To expose VMClock to the operating system via ACPI, the firmware or hypervisor must:

  1. Place the shared vmclock_abi structure somewhere in RAM, ROM or device memory space, which is guaranteed not to be used by the operating system. It must not be in ranges reported as AddressRangeMemory or AddressRangeACPI, and must not be in the same page as any memory which is expected to be mapped by a page table entry with caching disabled.

  2. Expose a device somewhere in the ACPI namespace with:

    • a hardware ID (_HID) of “AMZNC10C”
    • a DOS Device Name ID (_DDN) of “VMCLOCK”
    • a compatible ID (_CID) of “VMCLOCK”
  3. Attach to the device a “_CRS” method which when evaluated describes the shared memory page where the hypervisor has stored the vmclock_abi structure.

  4. Optionally, the device can raise an ACPI Notify operation using notification code 0x80, every time the seq_count field changes to a new even number.

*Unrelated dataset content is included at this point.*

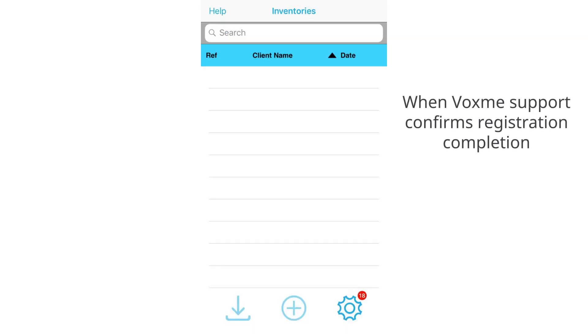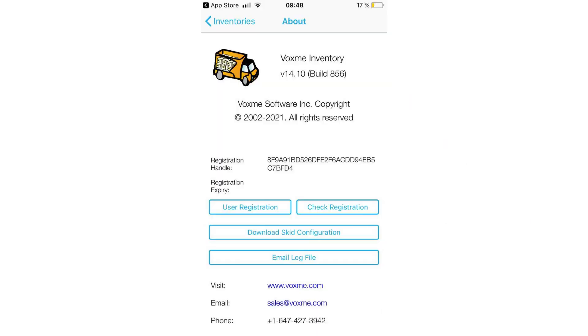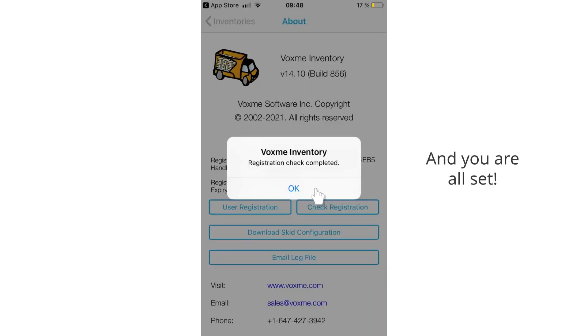When Voxme Support confirms registration completion, tap on Cox, then About, then Check Registration, and you are all set.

If implemented, the hypervisor must advertise the notification feature to the driver by setting the VMCLOCK_FLAG_NOTIFICATION_PRESENT bit in the flags field.

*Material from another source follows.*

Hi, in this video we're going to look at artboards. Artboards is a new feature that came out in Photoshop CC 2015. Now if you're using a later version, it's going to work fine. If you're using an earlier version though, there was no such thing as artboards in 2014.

Discovery via Device Tree#

Similar to the ACPI binding above, the firmware or hypervisor must place the vmclock_abi structure in an otherwise unused region of physical memory and advertise its presence to the operating system. The Device Tree binding for the amazon,vmclock node is as follows:

# SPDX-License-Identifier: (GPL-2.0-only OR BSD-2-Clause)
%YAML 1.2
---
$id: http://devicetree.org/schemas/clock/amazon,vmclock.yaml#
$schema: http://devicetree.org/meta-schemas/core.yaml#

title: Virtual Machine Clock

maintainers:
  - David Woodhouse <dwmw2@infradead.org>

description:
  The vmclock device provides a precise clock source and allows for
  accurate timekeeping across live migration and snapshot/restore
  operations. The full specification of the shared data structure
  is available at https://david.woodhou.se/VMClock.pdf

properties:
  compatible:
    const: amazon,vmclock

  reg:
    description:
      Specifies the shared memory region containing the vmclock_abi structure.
    maxItems: 1

  interrupts:
    description:
      Interrupt used to notify when the contents of the vmclock_abi structure
      have been updated.
    maxItems: 1

required:
  - compatible
  - reg

additionalProperties: false

examples:
  - |
    #include <dt-bindings/interrupt-controller/arm-gic.h>
    ptp@80000000 {
      compatible = "amazon,vmclock";
      reg = <0x80000000 0x1000>;
      interrupts = <GIC_SPI 36 IRQ_TYPE_EDGE_RISING>;
    };

Hardware implementation#

It is possible for a hardware implementation of VMClock to exist, in the absence of a hypervisor or virtualization. Using mechanisms such as PCIe PTP, a device could synchronise the CPU’s counter directly against real time and advertise the result to the operating system.

Such an implementation is outside the scope of this specification for now, but only just. We may need to add a new option for the counter_id field which references the hardware clock available to the PCIe device for PTM synchronisation, for example the Intel Always Running Timer.